● Your objective: Nothing but the exact text of the entries should appear in your answer; pictures stay out.

[Entries shown]

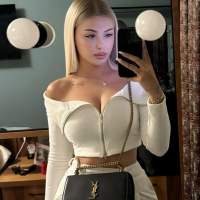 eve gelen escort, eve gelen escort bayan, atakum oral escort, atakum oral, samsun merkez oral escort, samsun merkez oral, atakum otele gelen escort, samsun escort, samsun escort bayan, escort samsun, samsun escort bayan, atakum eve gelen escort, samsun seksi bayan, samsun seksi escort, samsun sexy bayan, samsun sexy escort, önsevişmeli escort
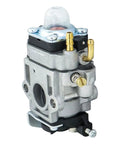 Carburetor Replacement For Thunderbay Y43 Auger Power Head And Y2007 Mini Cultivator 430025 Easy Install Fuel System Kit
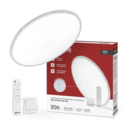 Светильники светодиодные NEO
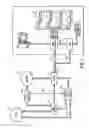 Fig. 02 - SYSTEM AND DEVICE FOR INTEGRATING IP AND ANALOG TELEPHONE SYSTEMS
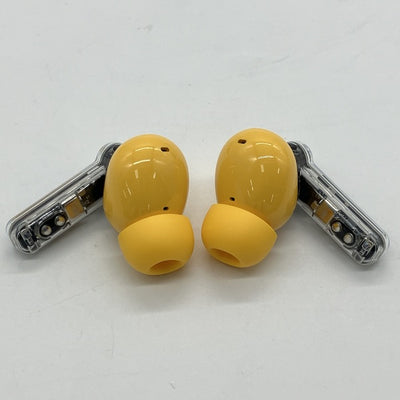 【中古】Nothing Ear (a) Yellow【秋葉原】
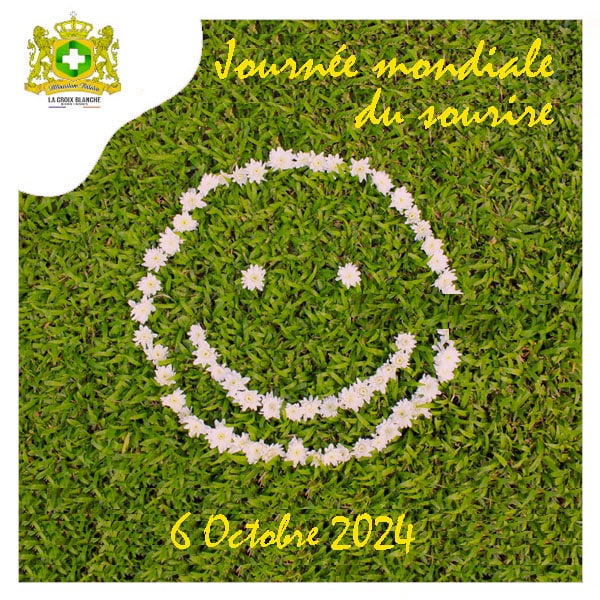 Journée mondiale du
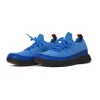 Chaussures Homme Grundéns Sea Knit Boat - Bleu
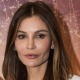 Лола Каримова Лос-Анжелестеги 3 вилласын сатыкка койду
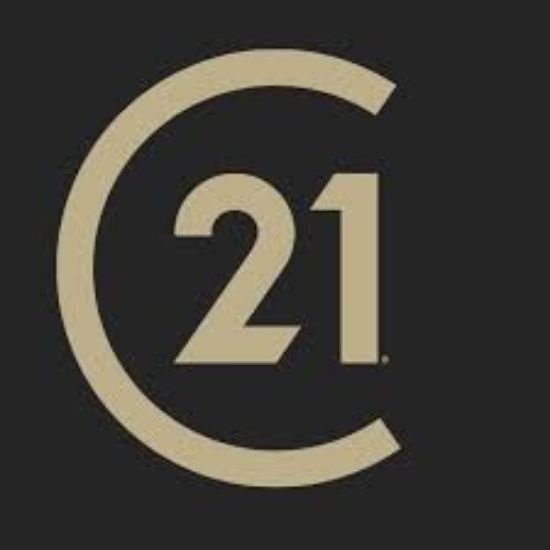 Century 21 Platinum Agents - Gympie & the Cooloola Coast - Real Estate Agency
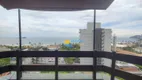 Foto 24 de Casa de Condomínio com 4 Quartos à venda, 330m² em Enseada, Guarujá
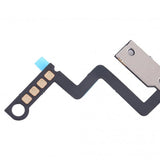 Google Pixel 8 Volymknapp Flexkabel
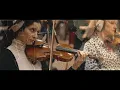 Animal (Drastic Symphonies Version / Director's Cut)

[/Entries shown]

● Solution to the exercise:
 eve gelen escort, eve gelen escort bayan, atakum oral escort, atakum oral, samsun merkez oral escort, samsun merkez oral, atakum otele gelen escort, samsun escort, samsun escort bayan, escort samsun, samsun escort bayan, atakum eve gelen escort, samsun seksi bayan, samsun seksi escort, samsun sexy bayan, samsun sexy escort, önsevişmeli escort
 Carburetor Replacement For Thunderbay Y43 Auger Power Head And Y2007 Mini Cultivator 430025 Easy Install Fuel System Kit
 Светильники светодиодные NEO
 Fig. 02 - SYSTEM AND DEVICE FOR INTEGRATING IP AND ANALOG TELEPHONE SYSTEMS
 【中古】Nothing Ear (a) Yellow【秋葉原】
 Journée mondiale du
 Chaussures Homme Grundéns Sea Knit Boat - Bleu
 Лола Каримова Лос-Анжелестеги 3 вилласын сатыкка койду
 Century 21 Platinum Agents - Gympie & the Cooloola Coast - Real Estate Agency
 Foto 24 de Casa de Condomínio com 4 Quartos à venda, 330m² em Enseada, Guarujá
 Google Pixel 8 Volymknapp Flexkabel
 Animal (Drastic Symphonies Version / Director's Cut)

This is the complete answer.